After just a year since it was launched, this multi-phase initiative is still in its infancy, and yet it has already
yielded many important benefits. At UC Davis, it has resulted in greater operational efficiency and it has
enhanced customer service. It has also brought together the IT service community in the pursuit of common
goals. This is a strategy that other campuses could adapt and implement to suit their own environments so they
too can deliver services better, faster, with greater consistency, and at lower cost.
What’s next?
This isn’t the end of the journey. The foundation is in place and the team is ready for the next stage which
includes implementing change management, asset management, and continuing the development of the IT
service catalog and ESS portal.
IT service management is not just about the process and the tools; it is about engaging and delighting
customers.

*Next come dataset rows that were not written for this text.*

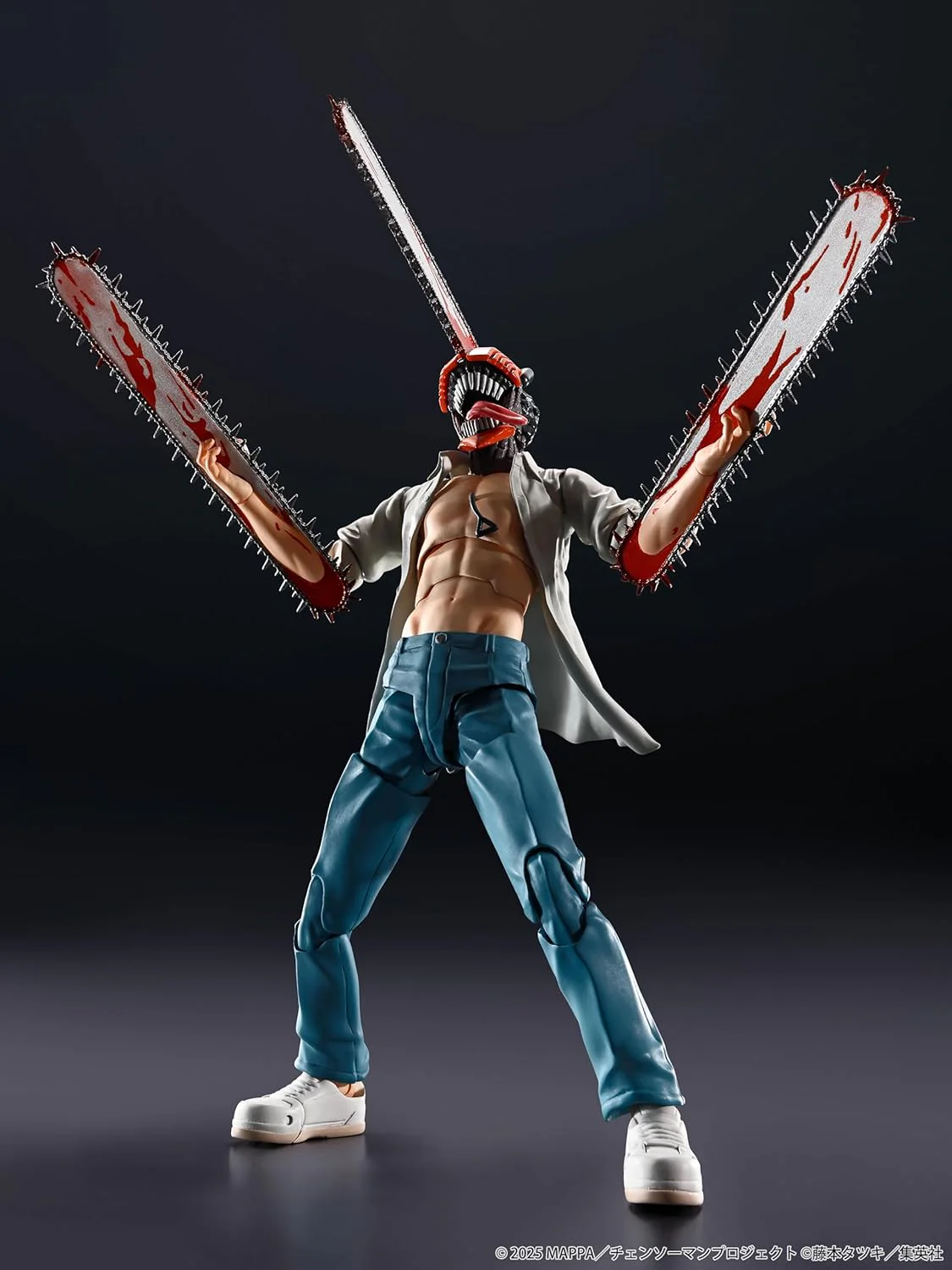 TAMASHII NATIONS - Chainsaw Man - The Movie: Reze Arc - Chainsaw Man -Reze Arc- S.H.Figuarts Action Figure - Image 7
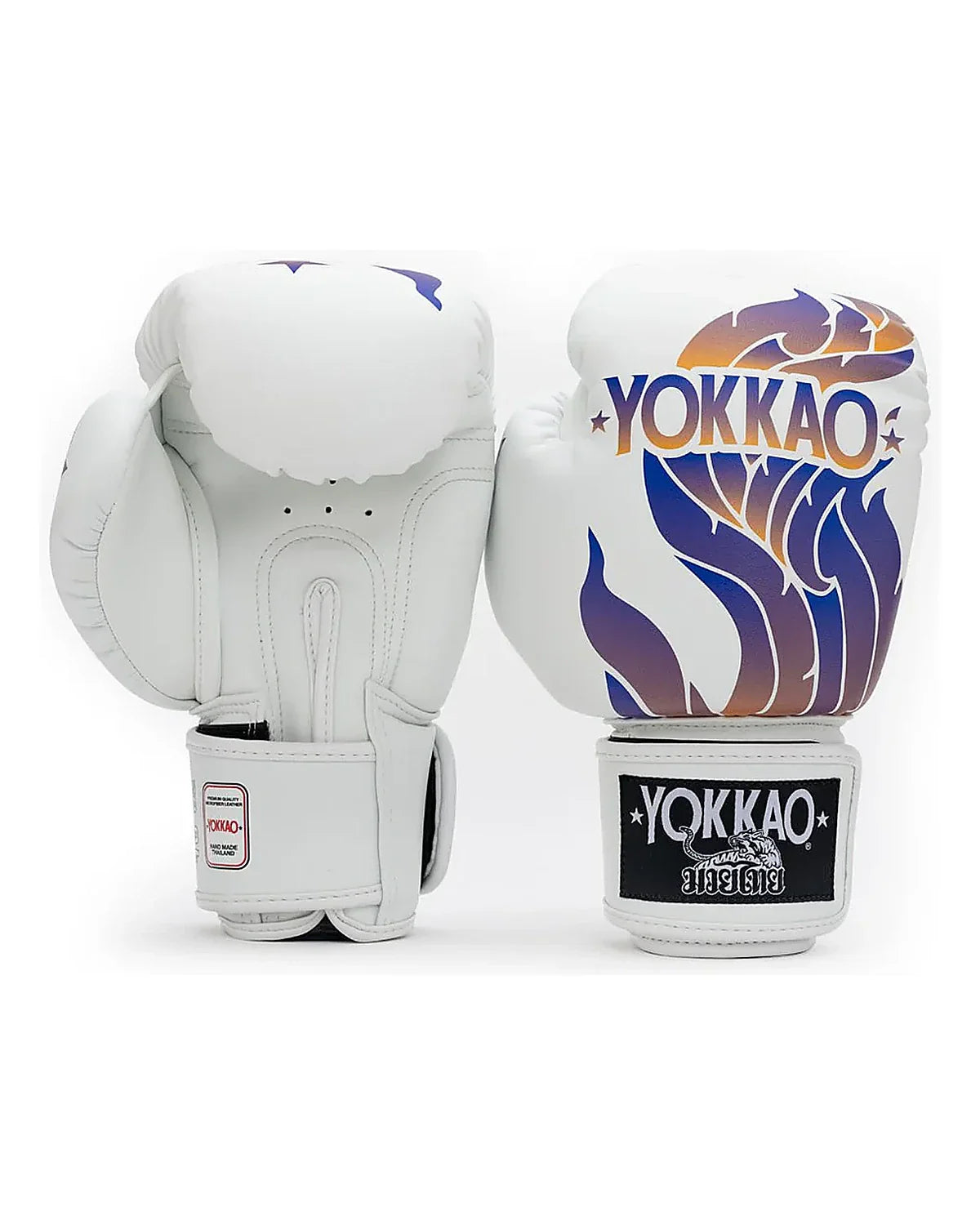 Guantes Yokkao - La Llama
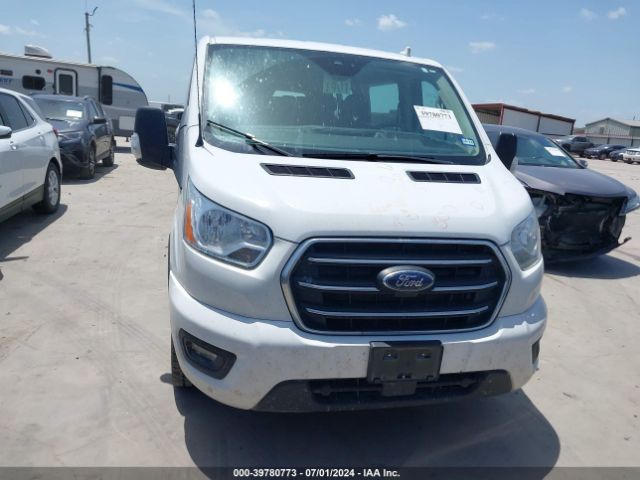 1FBAX2Y81LKA09860 Ford Transit-350 Passenger Van Xlt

At UC Davis, the team took a comprehensive approach to developing and implementing their ITSM
program. Packaging the program in a cohesive and recognizable way helps customers engage with the tools and
services. The team started the project with the awareness that an important part of the customer experience is
the “look and feel” of the sites customers visit and the messages they receive. By listening to their customers
and designing tools and services with their perspective in mind, the team will continue to achieve their goal of
creating a customer experience from the “outside-in.” As Ken Jones (IT Service Manager, College of Engineering)
said, “IET is demonstrating that they are changing their method of service delivery from ‘look what we built,
want to use it?’ to ‘let’s work together to find the best solutions for our customers’.”